======== Source data ========

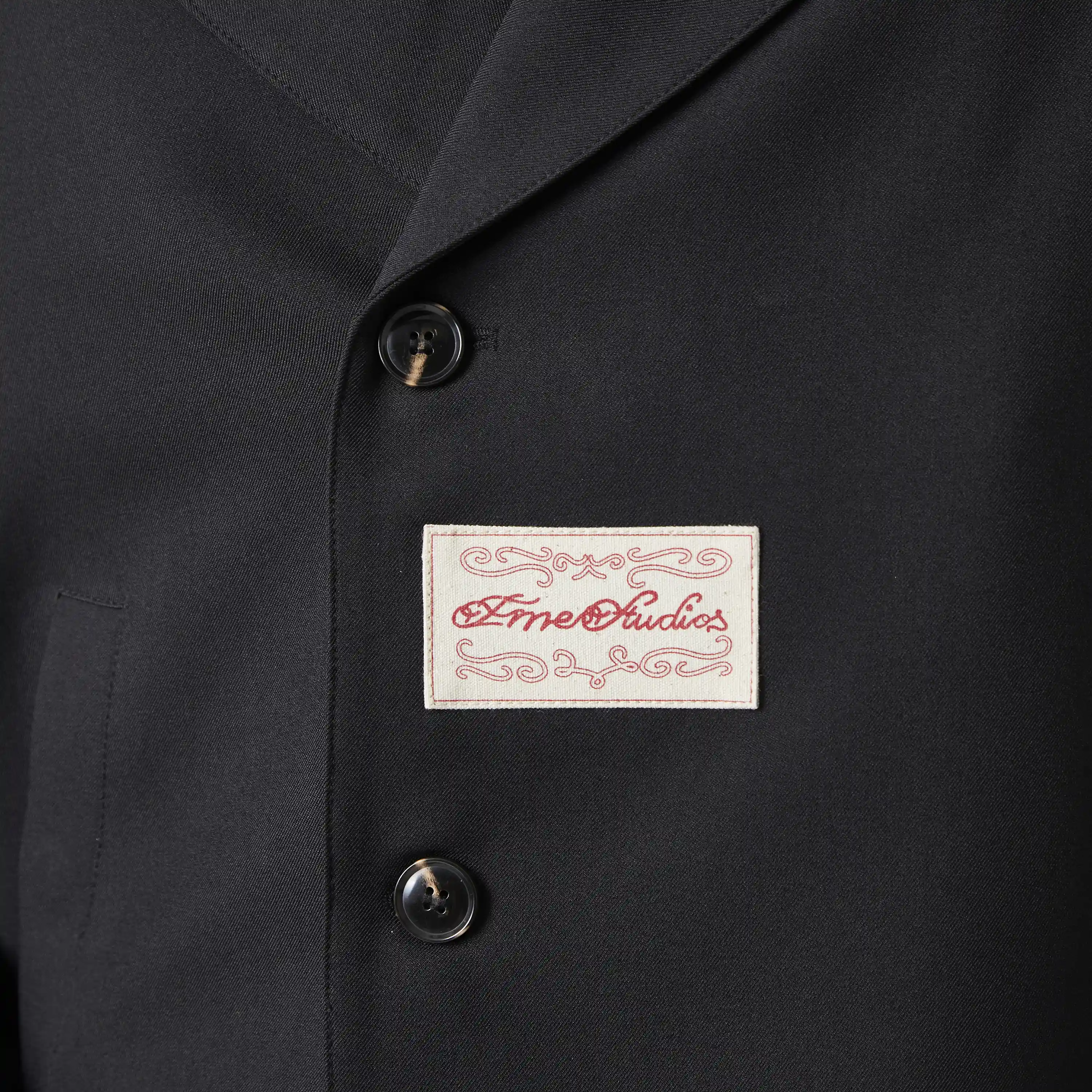 Imagen del producto 10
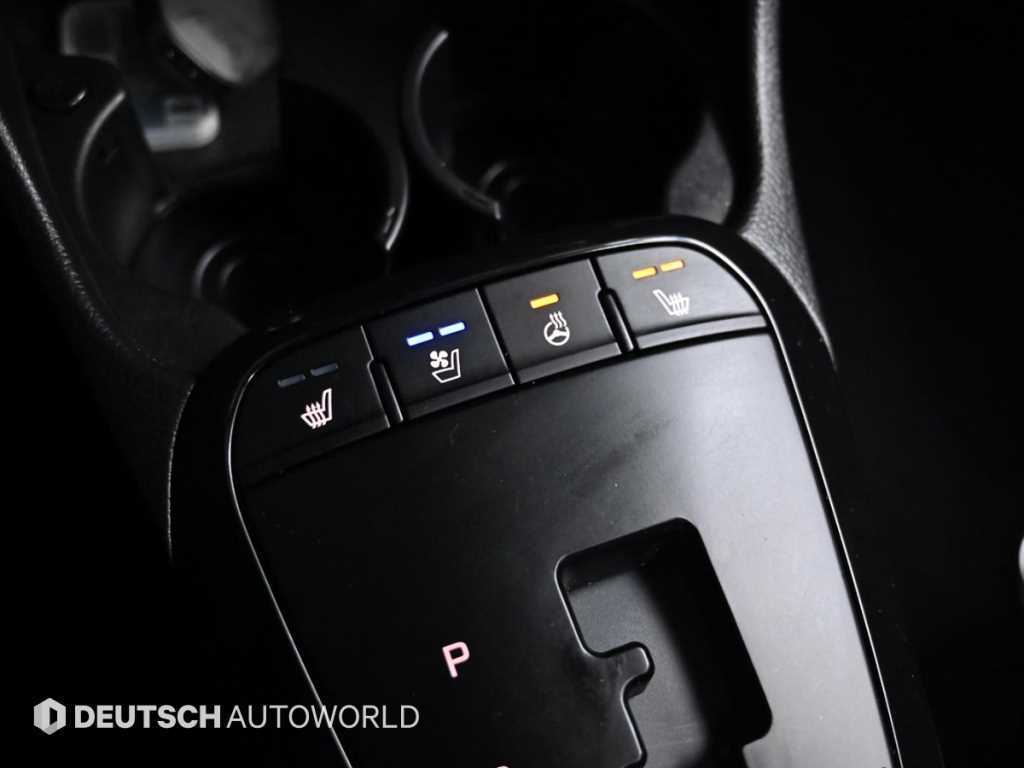 KIA Morning 2024 the color of pearl - Importación desde Corea - HF Imports Iquique - Foto 17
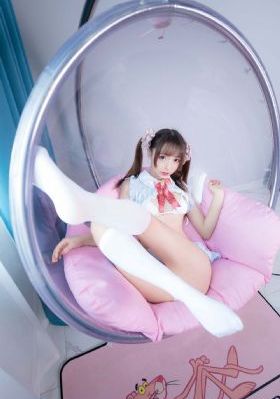 前妻的姐姐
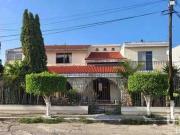Casa en Renta en Villas Del Sol, Mérida, Yucatán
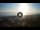 Webcam in Riccione, 0.1 mi away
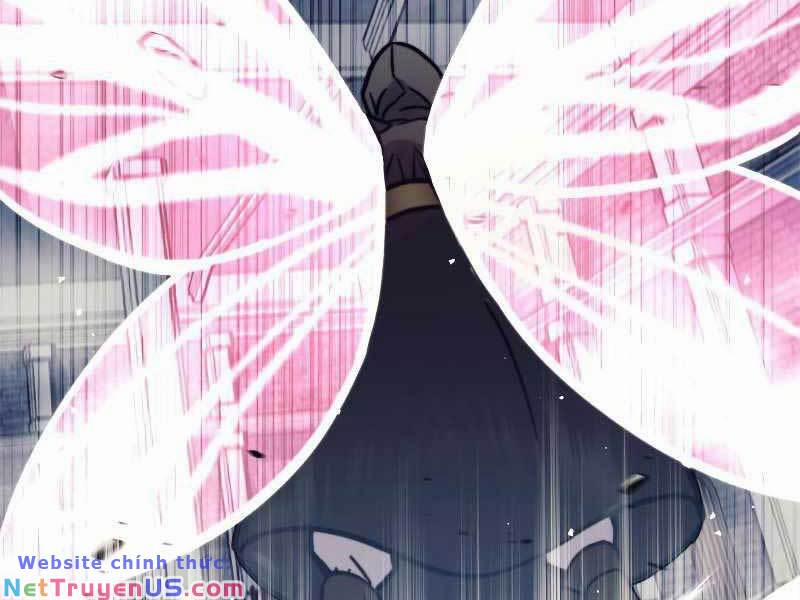 Tôi Là Thợ Săn Cấp Ex 23 trang 168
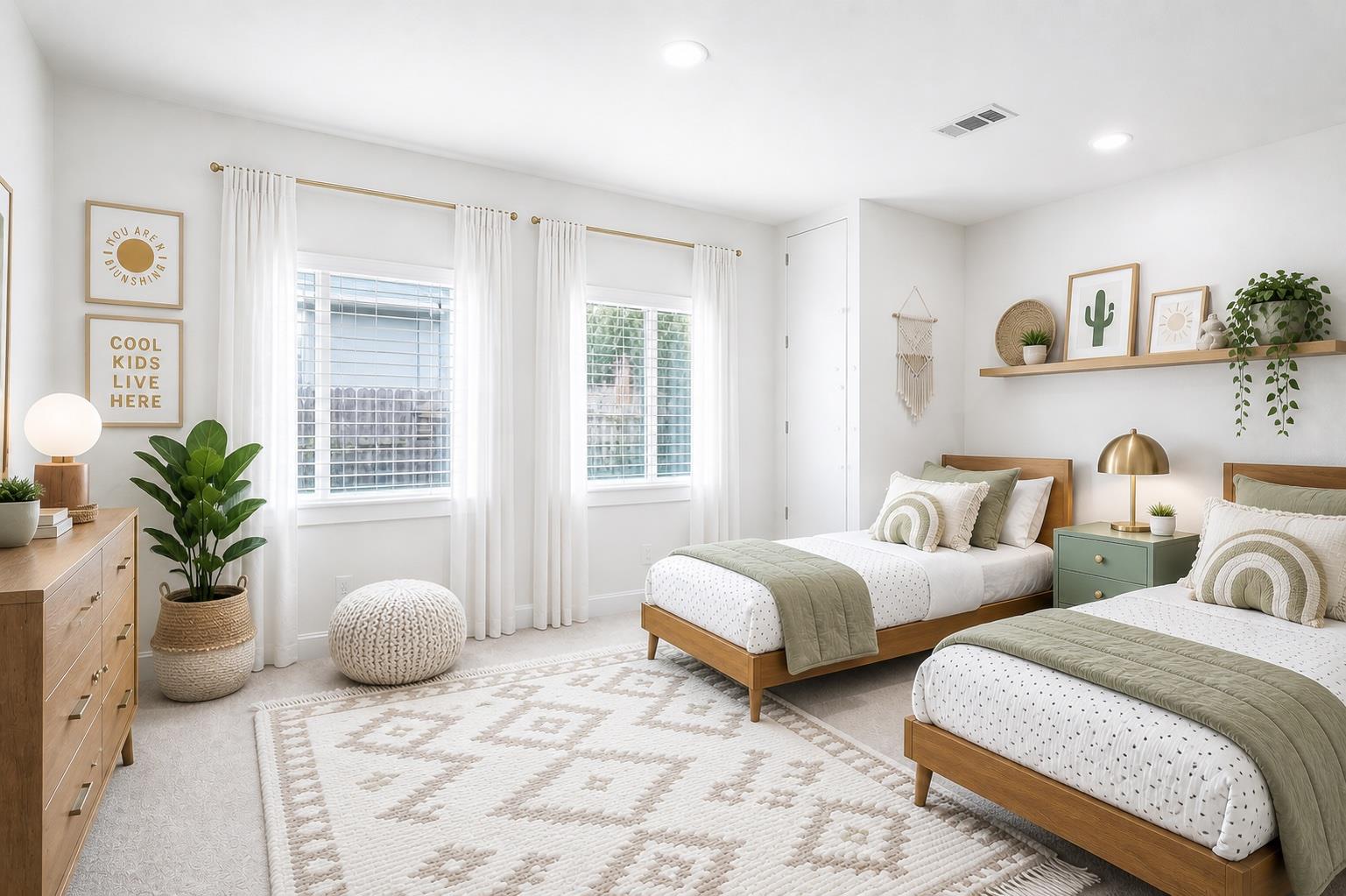 4514 Highland Terrace Austin TX 78731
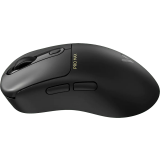 Мышь Rapoo VT3 PRO MAX Black (VT3PROMAX-BL)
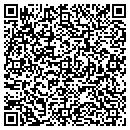QR code with Estelle Danan Corp contacts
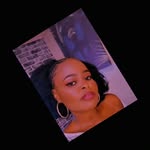 Ann Karrin - @annie._.karrin - Instagram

========

● **What is being asked**
All of the data above must be printed exactly, minus its pictures.

● **Response below**
 Imagen del producto 10
 KIA Morning 2024 the color of pearl - Importación desde Corea - HF Imports Iquique - Foto 17
 前妻的姐姐
Casa en Renta en Villas Del Sol, Mérida, Yucatán
 Webcam in Riccione, 0.1 mi away
 Tôi Là Thợ Săn Cấp Ex 23 trang 168
 4514 Highland Terrace Austin TX 78731
 Мышь Rapoo VT3 PRO MAX Black (VT3PROMAX-BL)
QR code with Estelle Danan Corp contacts
 Ann Karrin - @annie._.karrin - Instagram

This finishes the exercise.